ACTION ITEM: Using the material below, print a verbatim copy of every line from the one containing "The tank looks" through the one containing "Moving on, live", inclusive, and omit the pictures.

_ _ _

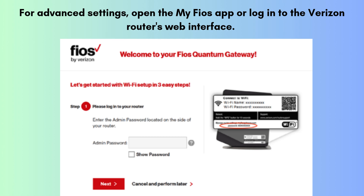For more advanced configurations, open the MyFiOS app or access the Verizon router's web interface through a browser. From there, you can customize your network name, modify various settings, or even update the firmware to ensure your extender operates optimally.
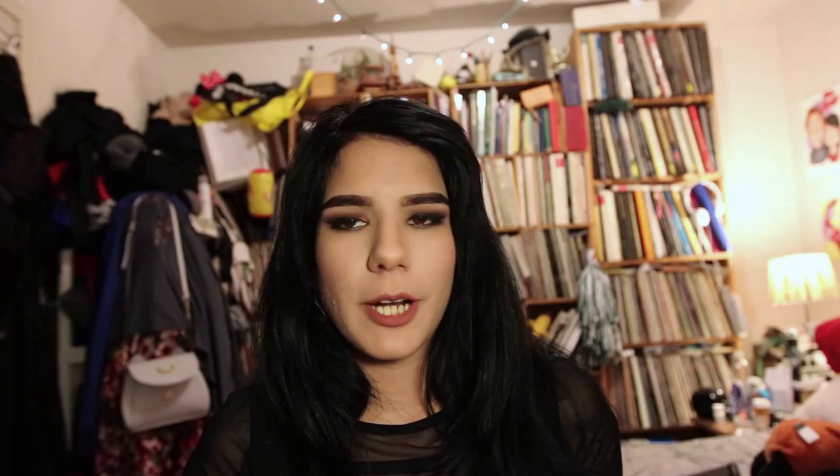Another round of applause for a color that kind of took me by surprise is their sepia. I usually like to mix my own brown, but this sepia is knockout. I highly recommend the sepia. Of course, violet — I always love violet. Okay, enough with the Academy Awards of Colors.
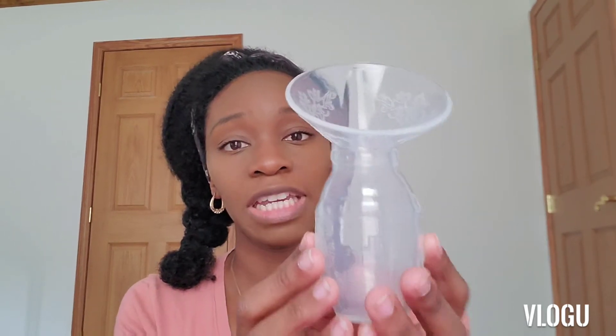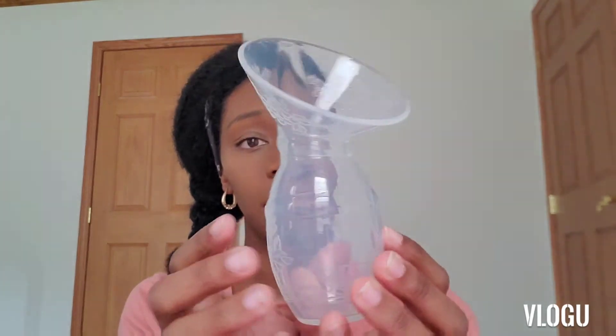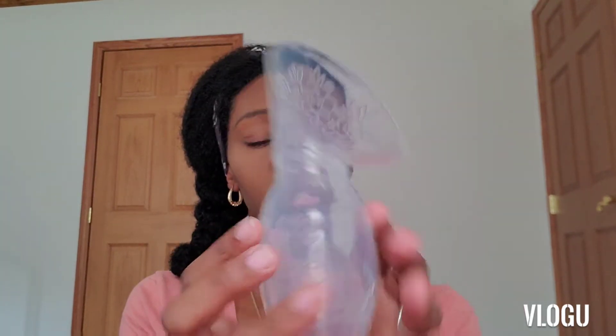This first pump is a silicone pump that I got from eBay, and it is just a squeeze pump. All you do is put it on your breast and you squeeze, and it suction cups to it, and then it catches the milk in the bottom, and then you can pour the milk into your storage bags, or a bottle, or however you store it.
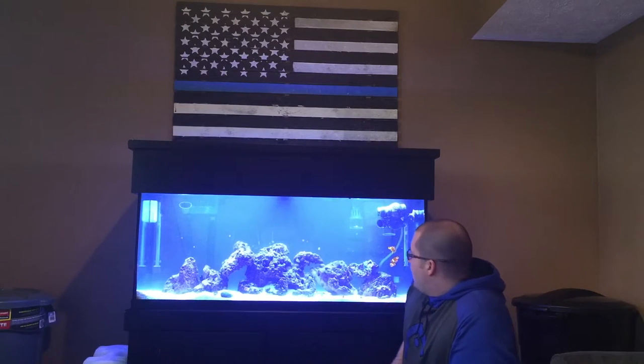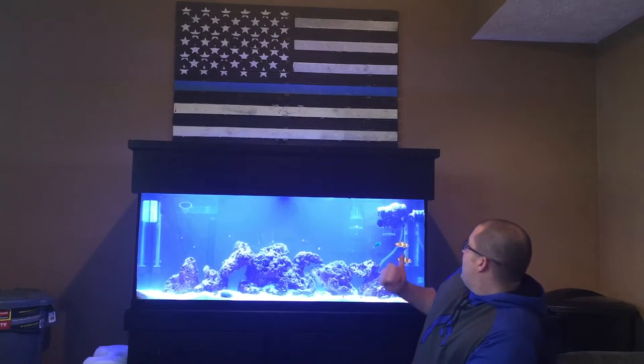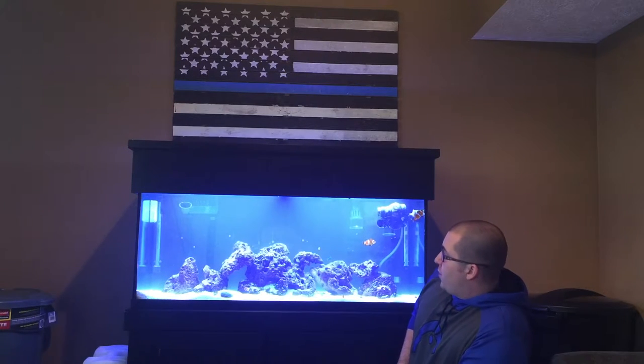The tank looks pretty good though, nice and clean. The sand bed is somewhat clean of algae. The fish look happy — as you see the clownfish are over here. I think it's time to eat. But other than that, the fish tank looks pretty good.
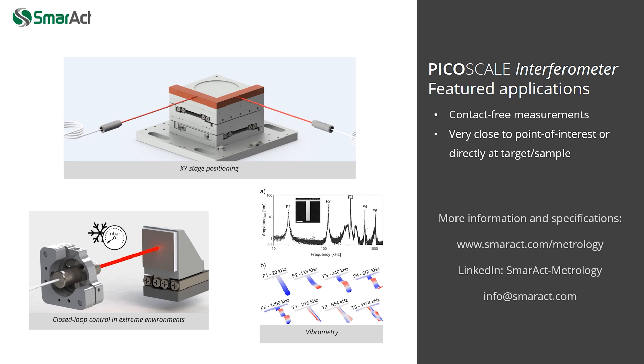Learn more about the PicoScale features and applications at smaract.com/metrology, follow our LinkedIn account, or contact our sales team.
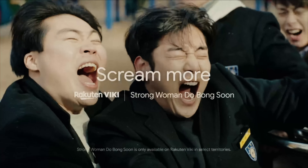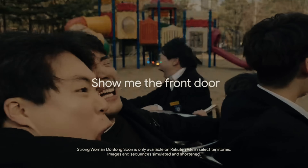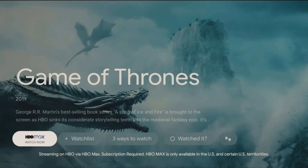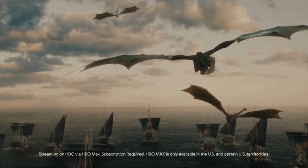2 USB ports to connect hard drives and other USB devices. Sound: 20 watts output with Dolby Audio Clear. Smart TV features include Google TV, watchlist, voice search, Google Play, Chromecast, Netflix, and Amazon Prime Video.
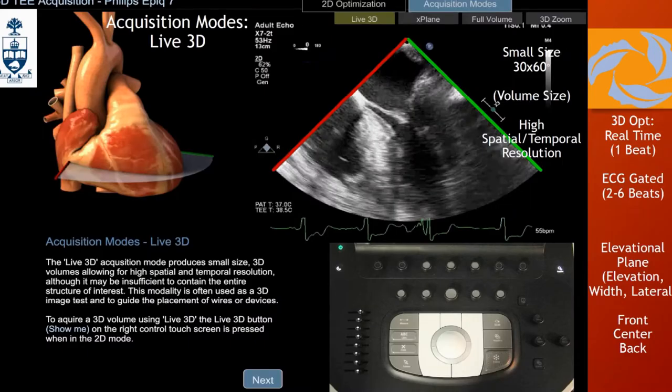Moving on, live 3D is probably the easiest way — you just press the node on live 3D and automatically an image is generated. As Wendy said, these are narrow images: you have 60 degrees but the elevational plane is only 30 degrees, so it doesn't capture a lot. That's not a good image for visualizing the left atrial appendage, for example, because you're not going to get the whole structure in there.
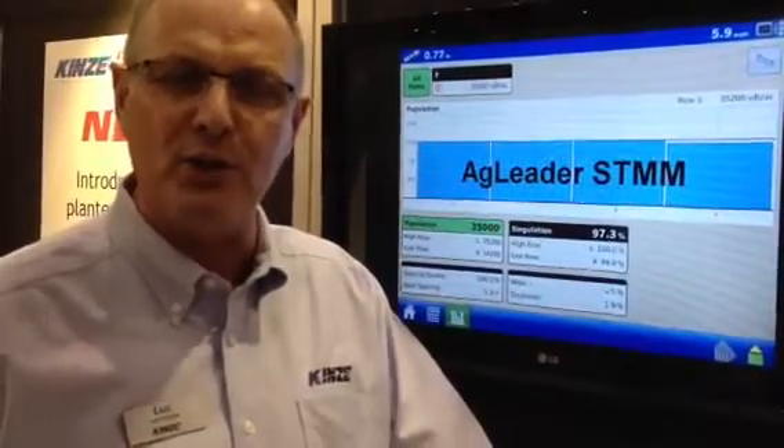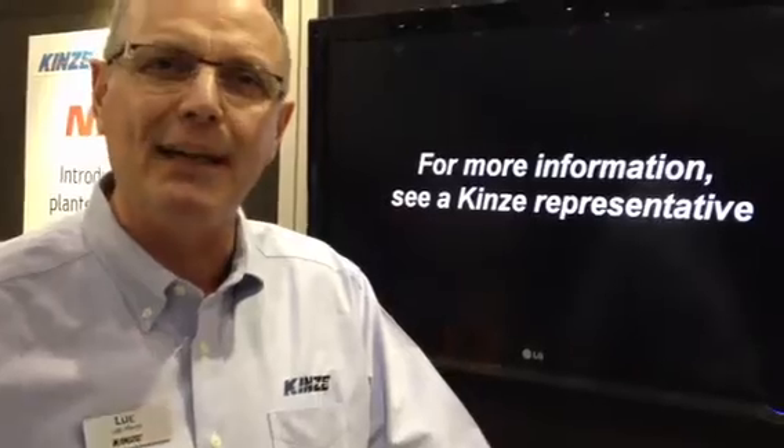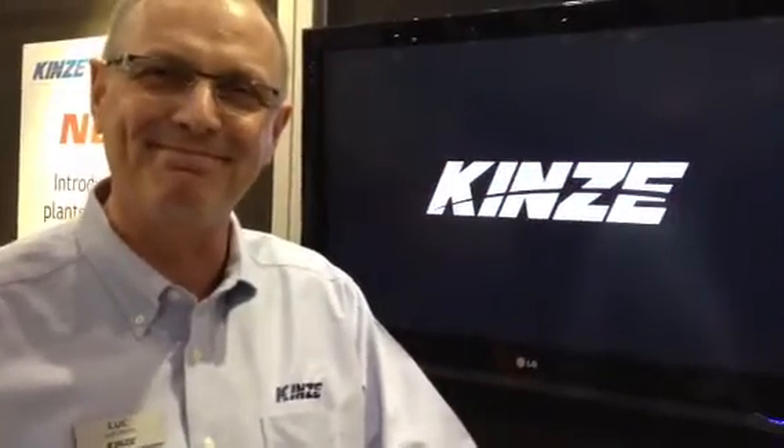We will now also be able to show skips, doubles, singulation, accuracy, etc., again, if your monitor is ISO-compatible. Big development. Thank you very much, Luke.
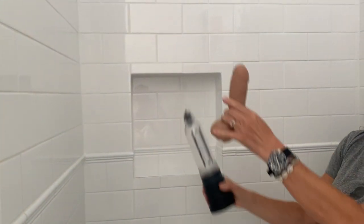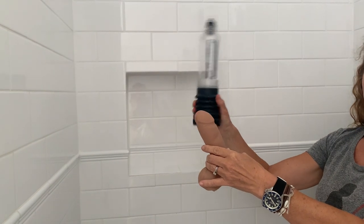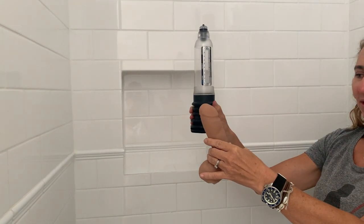This is a HydroMate penis pump and Geoffrey, and what we're going to do is teach you how to pump Geoffrey up when you're using the pump for rehabilitation.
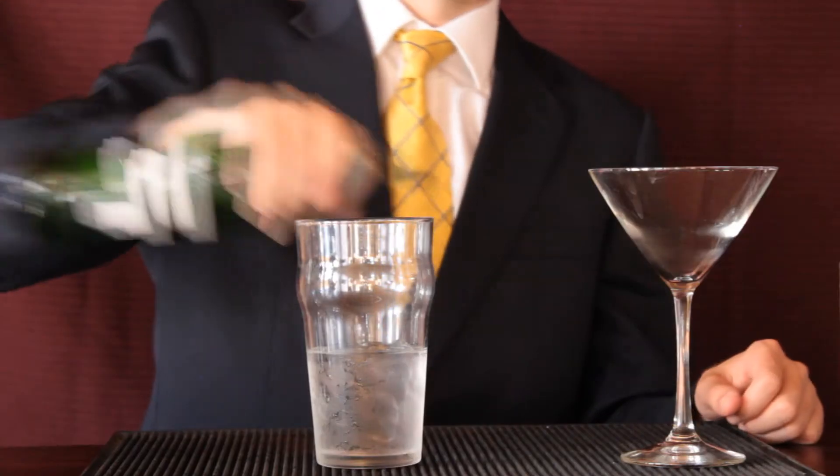Now time to add the vermouth. A dry martini will need less vermouth. For an extra dry martini, no vermouth. For a traditional martini, a quarter of an ounce will do.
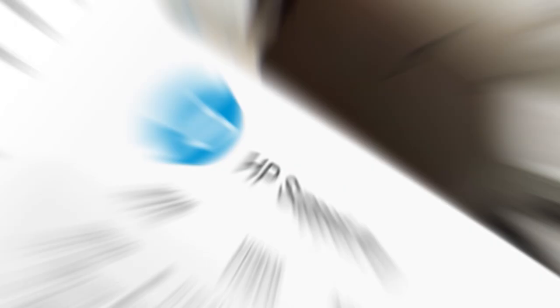Click the Playlists tab in YouTube to find HP videos in other languages, and search our channel to find official HP support videos.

_ _ _

RESULT:
The tank looks pretty good though, nice and clean. The sand bed is somewhat clean of algae. The fish look happy — as you see the clownfish are over here. I think it's time to eat. But other than that, the fish tank looks pretty good.
Learn more about the PicoScale features and applications at smaract.com/metrology, follow our LinkedIn account, or contact our sales team.
2 USB ports to connect hard drives and other USB devices. Sound: 20 watts output with Dolby Audio Clear. Smart TV features include Google TV, watchlist, voice search, Google Play, Chromecast, Netflix, and Amazon Prime Video.
Moving on, live 3D is probably the easiest way — you just press the node on live 3D and automatically an image is generated. As Wendy said, these are narrow images: you have 60 degrees but the elevational plane is only 30 degrees, so it doesn't capture a lot. That's not a good image for visualizing the left atrial appendage, for example, because you're not going to get the whole structure in there.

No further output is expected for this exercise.